Why practice with these assignments?

  • Move beyond theory—create repos, branch, merge, rebase, and resolve conflicts.
  • Learn safe history edits, release tagging, patching, and recovery.
  • Master GitHub collaboration: Issues, Pull Requests, Reviews, Actions, and Releases.
  • Prepare for interviews and real teams with tasks that mirror day-to-day workflows.

How it works

  1. Pick a topic from the list.
  2. Attempt questions in order: Basic → Intermediate → Advanced.
  3. Practice locally; push to GitHub for remote collaboration tasks.
  4. Inspect results with status, log, diff, and GitHub PR checks.
  5. Save your best solutions as portfolio-ready examples.

Notes:

  • Focus is Git 2.x and GitHub.
  • You can complete many tasks locally; GitHub tasks need a free account.
  • Use private test repos when experimenting with history rewrites.

What you’ll achieve

  • Solid mental model of working tree → index (staging) → commits → branches → remotes.
  • Confidence with branching strategies, conflict resolution, and clean history.
  • Fluency with Pull Requests, reviews, CI pipelines, and protected branches.
  • Safety skills: recover work with reflog, restore/reset, and cherry-pick.

Who should use this page?

Beginners learning version control, students preparing for interviews, and teams standardizing on professional GitHub workflows.

Tips for success

  • Commit small, focused changes with clear messages (Conventional Commits help).
  • Prefer branches + PRs over direct pushes to main; enable protection rules.
  • Rebase your feature branch before opening a PR; avoid rewriting shared history.
  • Use interactive rebase to clean up commits before merge (squash/fixup).
  • Learn reflog—it’s your safety net for recovering work.
  • Keep .gitignore/.gitattributes close to the codebase; fix line endings early.
  • Add CI (GitHub Actions) to run tests/linters on every PR.
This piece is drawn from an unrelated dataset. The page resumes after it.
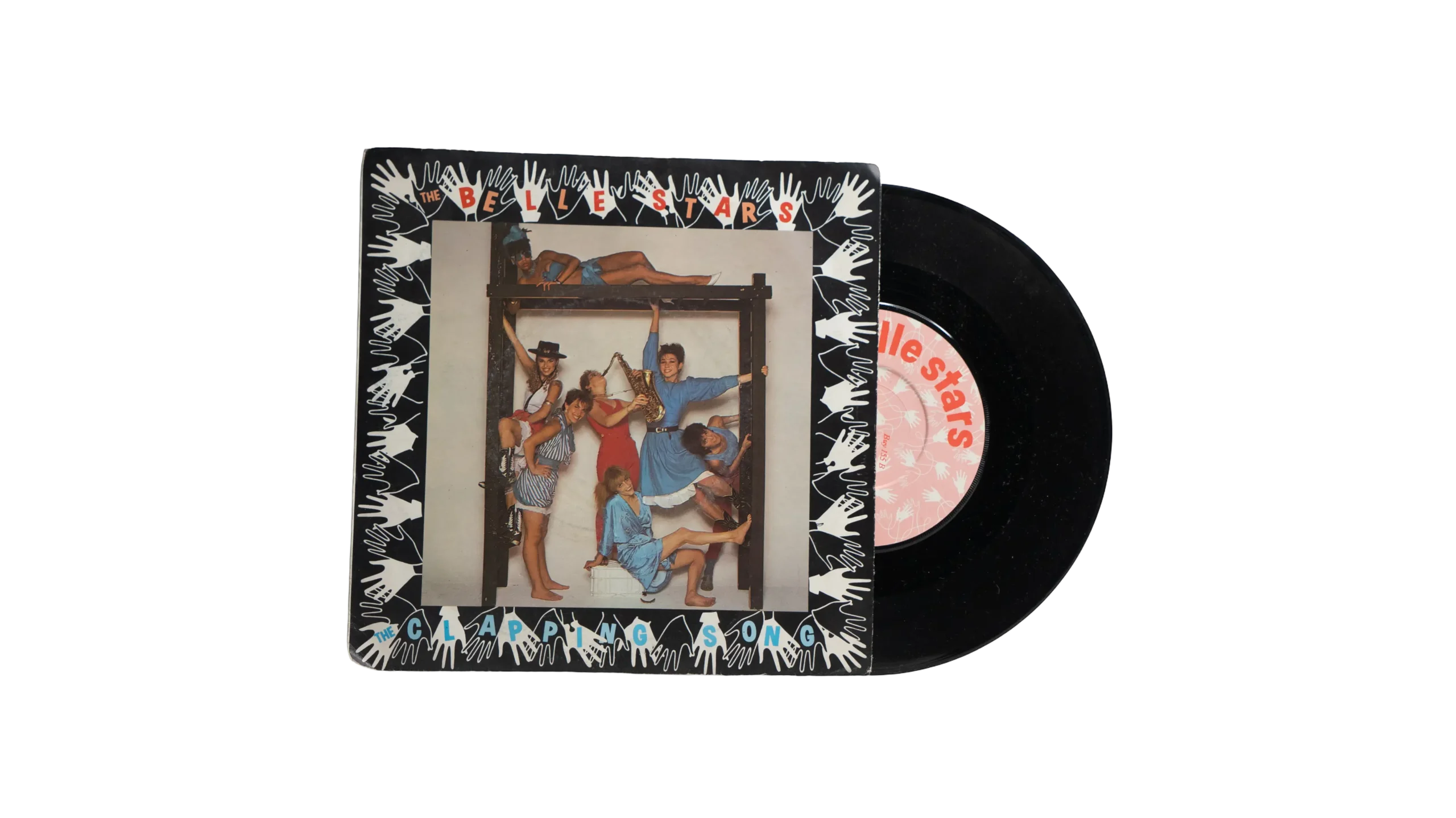 DSC07010-2 The Belle Stars – The Clapping Song 7" Vinyl - Image 1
Ready to build real confidence in Git and GitHub? Pick a set below and start solving!

FAQs

Q1. Do I need GitHub to finish these?
Many tasks are local-only. Collaboration, pull requests, and CI tasks require a free GitHub account.

Q2. Do I need to know Git before starting?
Yes. You should be familiar with basic commands like git init, git add, git commit, and git push. The assignments build on these fundamentals.

Q3. Can I do these assignments on Windows, Mac, or Linux?
Yes. Git works on all platforms. Just install Git, configure your username and email, and you are ready to go.

Q4. How do I verify correctness?
Use commands like git status, git log --graph --oneline --decorate, git diff, and GitHub PR checks. Ensure CI pipelines pass and branch protection rules are satisfied.

Q5. Is it safe to rewrite history?
Rewrite history only on private or unshared branches. Never rewrite history on branches that others have already pulled.

Q6. Are there solutions available?
Yes. Selected topics include reference flows and example commands. Review them only after attempting the tasks yourself.

Q7. What topics are covered in these assignments?
You will practice branching, merging, rebasing, pull requests, collaboration workflows, CI/CD basics, and handling merge conflicts.

Q8. How much time should I spend per assignment?
Plan 10–40 minutes per difficulty band per topic. CI, monorepo, and advanced branching tasks may take longer.

Q9. Do I need external tools besides Git and GitHub?
Not always. Most assignments rely only on Git CLI and GitHub UI. Some tasks may recommend CI services like GitHub Actions.

Q10. Can these assignments help me in job interviews?
Absolutely. Git & GitHub are required skills in most companies. These assignments give you hands-on experience with workflows used in real projects.